The town of Asbestos has made progress in diversifying its economy — even including some mining-related tourism. It holds a big summer festival featuring slack-lining across the mine.

When we spoke, the town was also in the process of choosing a new name — after years of debate over whether that would be a rejection of local history. Having a name other than Asbestos, city government hopes, will make it easier to attract new businesses.

But one industry that has come knocking are companies interested in transforming — you could say recycling — the piles of mining residues to extract other valuable materials.

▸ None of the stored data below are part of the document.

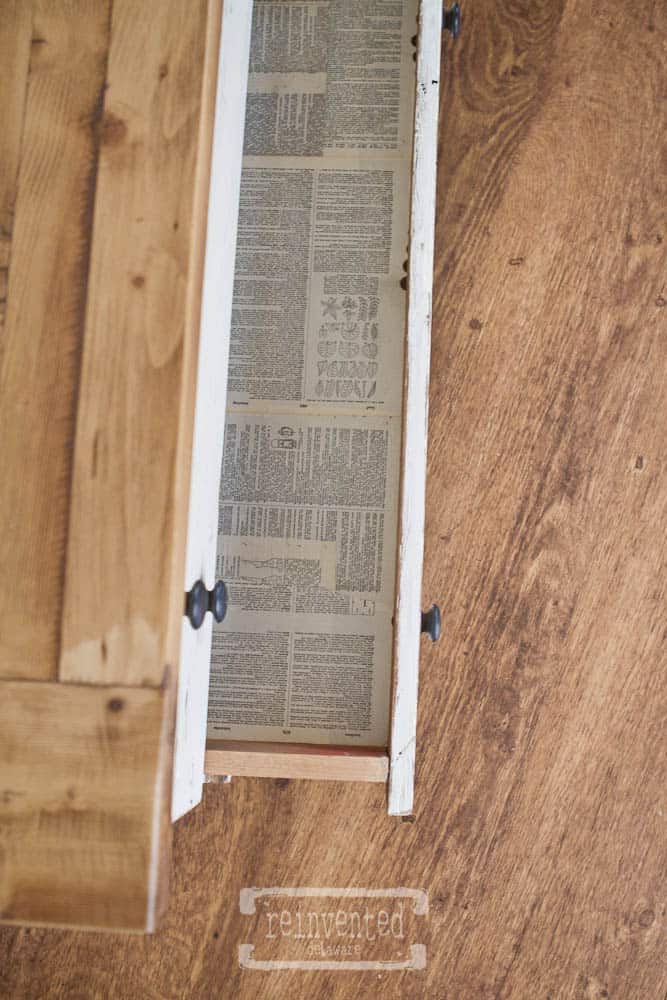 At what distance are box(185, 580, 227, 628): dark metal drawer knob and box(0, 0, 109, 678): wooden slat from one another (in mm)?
110

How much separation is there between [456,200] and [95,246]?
0.69m

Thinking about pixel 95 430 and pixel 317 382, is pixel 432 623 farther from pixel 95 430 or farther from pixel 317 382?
pixel 95 430

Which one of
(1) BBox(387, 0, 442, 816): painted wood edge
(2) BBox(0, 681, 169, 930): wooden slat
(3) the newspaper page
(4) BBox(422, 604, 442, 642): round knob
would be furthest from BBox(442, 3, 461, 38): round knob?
(2) BBox(0, 681, 169, 930): wooden slat

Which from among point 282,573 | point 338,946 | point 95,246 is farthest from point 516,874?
point 95,246

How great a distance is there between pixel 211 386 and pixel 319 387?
0.19 meters

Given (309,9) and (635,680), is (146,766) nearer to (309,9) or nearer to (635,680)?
(635,680)

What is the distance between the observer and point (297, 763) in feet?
2.75

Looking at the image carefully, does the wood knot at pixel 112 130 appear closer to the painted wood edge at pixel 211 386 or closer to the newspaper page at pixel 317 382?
the painted wood edge at pixel 211 386

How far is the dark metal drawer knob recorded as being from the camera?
2.21 ft

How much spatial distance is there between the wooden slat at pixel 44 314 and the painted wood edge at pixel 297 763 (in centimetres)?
29

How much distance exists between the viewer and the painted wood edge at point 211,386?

Safety Video: Anyone entering the site must wear long sleeve shirts, a safety helmet, safety glasses, security shoes…

Emma Jacobs: In a field just outside of town, giant mesas of residues rise up behind the processing facility of Alliance Magnesium. The company’s founder, Joël Fournier, holds up what looks like a baby food jar of dark grey sand and gravel.

Joël Fournier: Yeah what you’re seeing here is in fact is the residue. That was essentially the rocks containing the asbestos.

Emma Jacobs: What’s left anyway, after rock from Jeffrey Mine was broken down to extract asbestos fibers.

To Fournier, who has a Ph.D. in chemistry, they look like a valuable resource.

Joël Fournier: When you look at those mountains what you have to consider is one quarter of those mountains could be considered as magnesium metal.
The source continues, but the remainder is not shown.